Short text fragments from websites

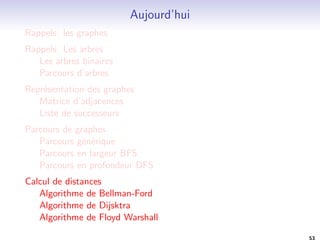 Meilleure representation? 
Matrice: memoire O(n2) (mieux pour graphes denses). 
Listes: memoire O(n + m) (mieux pour graphes creux). 
ou n nombre de sommets, m nombre d'ar^etes. 
Le mieux?: cela depend du contexte. 
38 
 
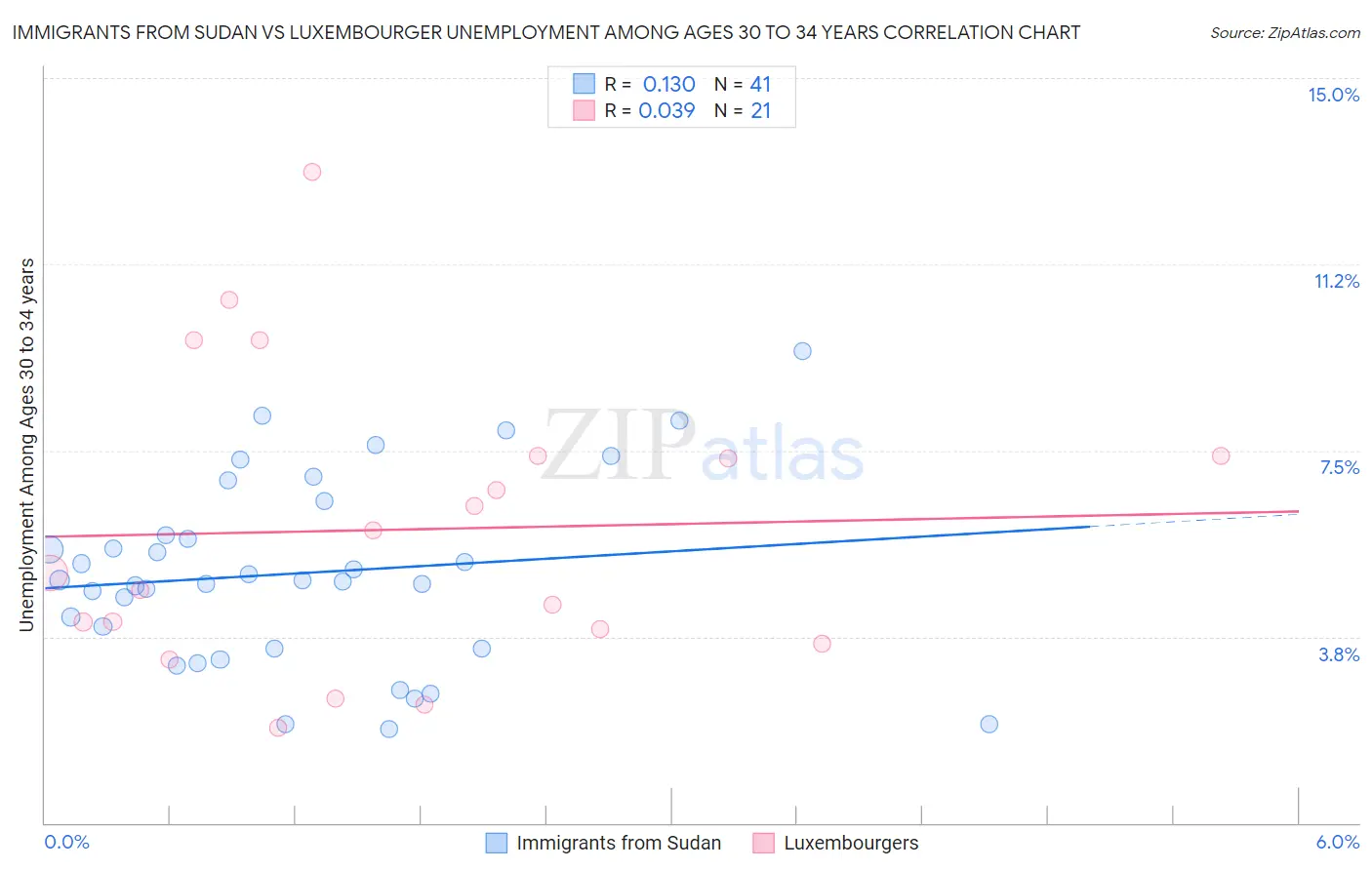 Immigrants from Sudan vs Luxembourger Unemployment Among Ages 30 to 34 years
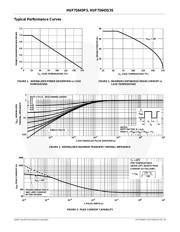 HUF75645P3 datasheet.datasheet_page 3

- [AIM OF THE TASK]:
Hand back the data above exactly, leaving out all pictures.

- [EXERCISE RESPONSE]:
 Meilleure representation? 
Matrice: memoire O(n2) (mieux pour graphes denses). 
Listes: memoire O(n + m) (mieux pour graphes creux). 
ou n nombre de sommets, m nombre d'ar^etes. 
Le mieux?: cela depend du contexte. 
38 
 
 Immigrants from Sudan vs Luxembourger Unemployment Among Ages 30 to 34 years
 HUF75645P3 datasheet.datasheet_page 3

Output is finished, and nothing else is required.